Although the show is framed, largely, by royal palace courtyards and royal quarters, and sometimes landscapes or
villages, it never feels suffocated by them. The cinematic wide-screen format, variety of compositional devices from perspective
lines to boxing in, and closeups punctuated by catch lights and shallow depth of field provide room to breath; separating the feeling of The King's Affection from a swath of overly sharp, 4K productions. The wide screen format also offers an abundance of space to be filled with period details -stone walls, flowering trees, architecture, and
even sharply differentiated topography. Color is grounded in muted tones
punctuated by intense cyans, magentas, reds or white. The dark of night is produced with an eye for limited sight under low
light instead of artificially brightened scenes (see above photos).
This
visual appeal is met by Park Eun Bin's effort to inhabit
the character as wholly as she did Woo Young Woo.

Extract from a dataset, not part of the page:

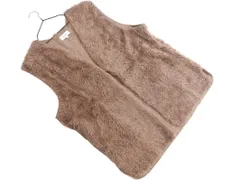 MONO-MART モノマート フェイク ファー ベスト sizeF/ベージュ ◇■ レディース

Few of the actor's expressive mannerisms, often visible in her other work,
including Extraordinary Attorney Woo, were seen in The King's Affection. In portraying a girl surviving as a boy, she chose restraint rather than masquerade, and as the episodes progress, stoicism becomes displaced by an un-constructed, un-gendered entity. As their relationship grows more comfortable, the repartee between the Crown Prince and tutor Ji-un is smile inducing. One episode is memorable for a scene in which the petite
Crown Prince Hwi physically assaults a visiting, and intolerable,
eunuch. One can hardly believe that Da-mi is playing the role, self-consciously, of a young man, but is motivated by something beyond gender -a rage fired up by unjust circumstances.
Moments like these run interference against the kit of scenes all too
commonly drawn upon in Korean drama: romantic leads bantering about jealousy, fall and
catch scenes, or unexpected rainfall met by a kind umbrella. It also adds a touch of humanity to the character, Da-mi, whose complexity is generated only by the concealment of her identity, not by any flaws such a life may have realized. When Da-mi/Crown Prince Hwi makes a poor choice, she knows it, owns it, and is
forgiven by an audience that already understands that she is not truly
at fault. Such writing caricatures good and bad behavior to a point beyond question. This becomes an oppressive construct that, in its modelling of ideal
behavior, is rather conservative. Of course, none of this is restricted to Korean dramas, but is noticeably absent in several contemporary U.S.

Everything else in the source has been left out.